With a new Minnesota Vikings stadium now being built, Gov. Mark Dayton turned Monday to the National Football League to make good on a vague promise to give the state a second Super Bowl.
The governor announced a campaign to lobby the NFL for a Super Bowl at the new stadium for as early as 2018, and speculated that the game would produce nearly a half-billion dollars for the area. Just hours after Dayton outlined the effort, the NCAA announced that the Vikings' indoor stadium — which will open in 2016 — was also a finalist to host a Final Four men's basketball tournament as early as 2017.
"It's our time. It's our moment, and we're ready," said U.S. Bancorp Chief Executive Richard Davis, one of three prominent business leaders Dayton named to head the campaign. "It's like in Hollywood when they say, 'I'm ready for my close-up.' "

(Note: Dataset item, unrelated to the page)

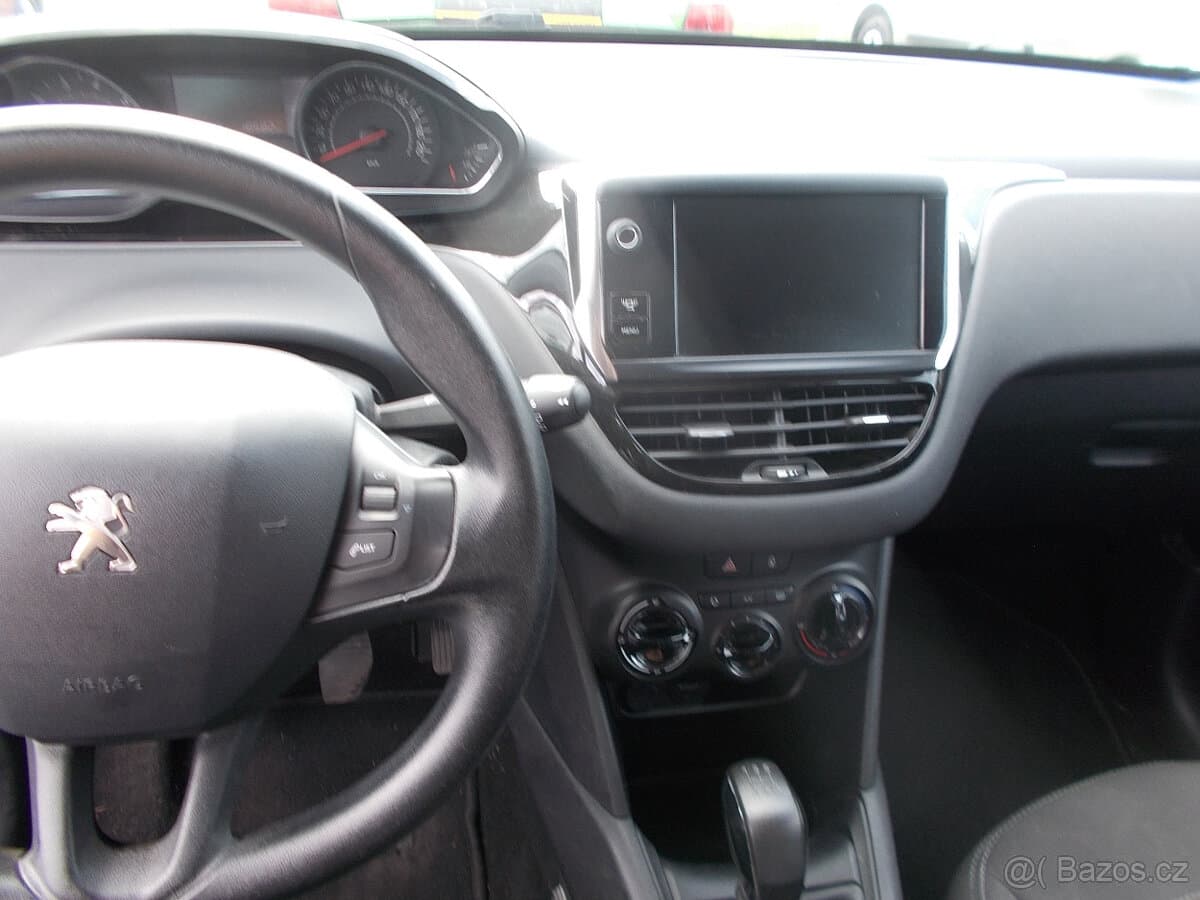 2014 Peugeot 208 - 8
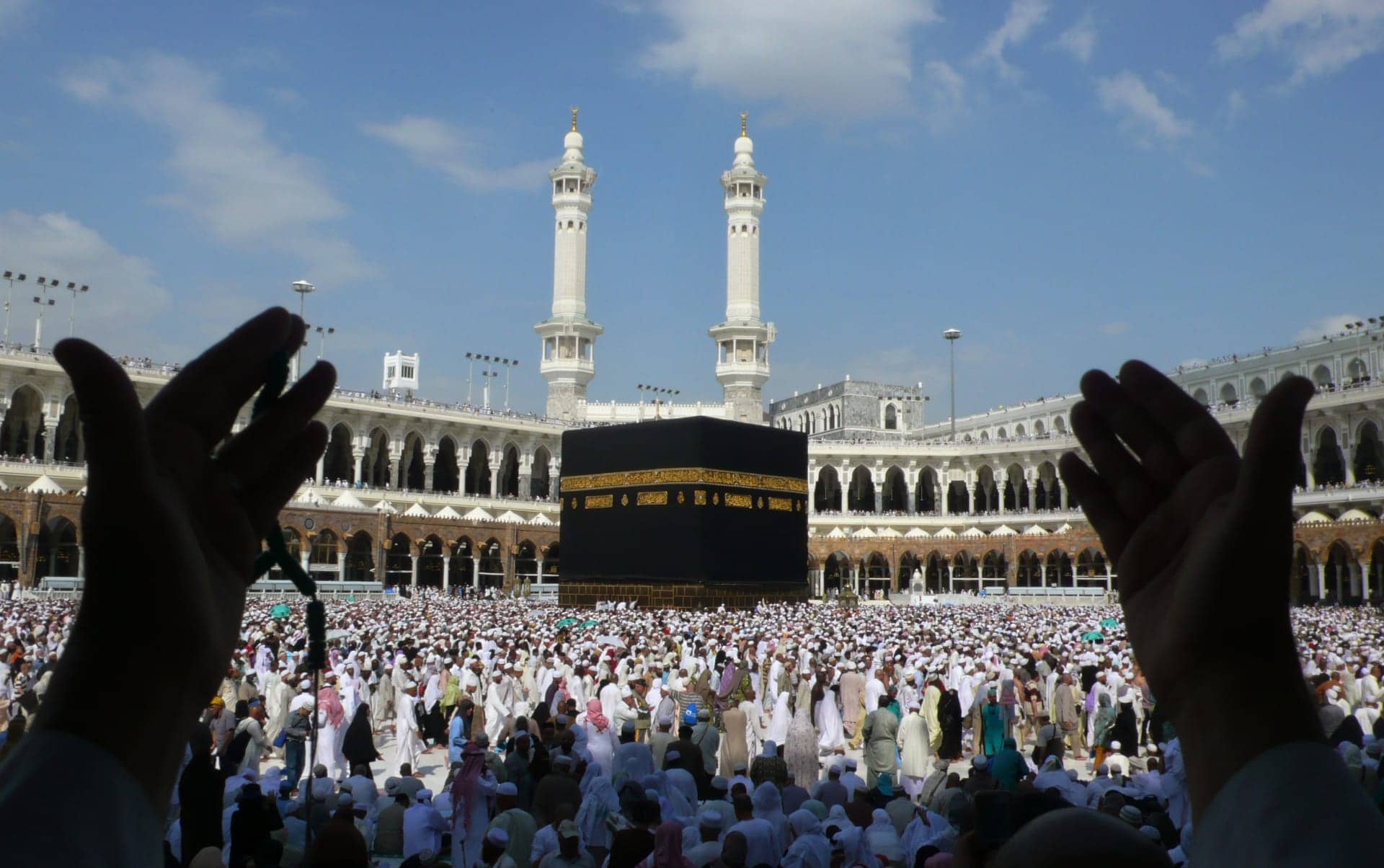 عطل فني قد يؤخر رحلات العمرة هذا الأسبوع.. ووكلاء السياحة توضح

For Dayton and the Vikings, the State Capitol news conference came two years after both the governor and the team used the lure of a Super Bowl to persuade legislators to adopt a controversial public subsidy package for the $1 billion stadium in downtown Minneapolis. Vikings officials said they are confident that the NFL, as it has done in the past, will award the game to Minnesota as an acknowledgment of the new stadium. Both the team and the NFL implied, but did not directly commit to, bringing a Super Bowl to Minnesota during the legislative process.
While Minnesota is already one of three finalists for the Super Bowl in 2018, hurdles — both logistical and image-related — remain for the Vikings, Dayton and civic leaders. Monday's lobbying effort came as most schools in Minnesota were closed because of the cold, and the temperature Monday never reached zero. The 2018 Super Bowl will be held Feb. 4.
Monday's campaign launch also immersed boosters into the always-murky debate of how much actual economic boost a Super Bowl would provide. While the governor's office released a study showing the Super Bowl had produced $384 million in spending in Indianapolis in 2012, economists nationally have regularly disputed such projections.
This Sunday's Super Bowl at an open-air stadium in New Jersey may also affect Minnesota's chances: Weather for the game is expected to be in the 30s, and the New York City area recently had a major snowfall. Even Dayton, at a morning news conference Monday, joked that the NFL "might want to reconsider their policy after this one."
But the governor said that Minneapolis, in hosting its first and only Super Bowl in 1992, had won high praise from NFL officials and had erased the negative feelings of having a Super Bowl in a northern city that lingered after a snowstorm snarled traffic in Detroit at the 1982 Super Bowl at the Silverdome, a covered stadium. "We've proven it in Minnesota already," Dayton said. "We know how to handle a cold-weather" Super Bowl.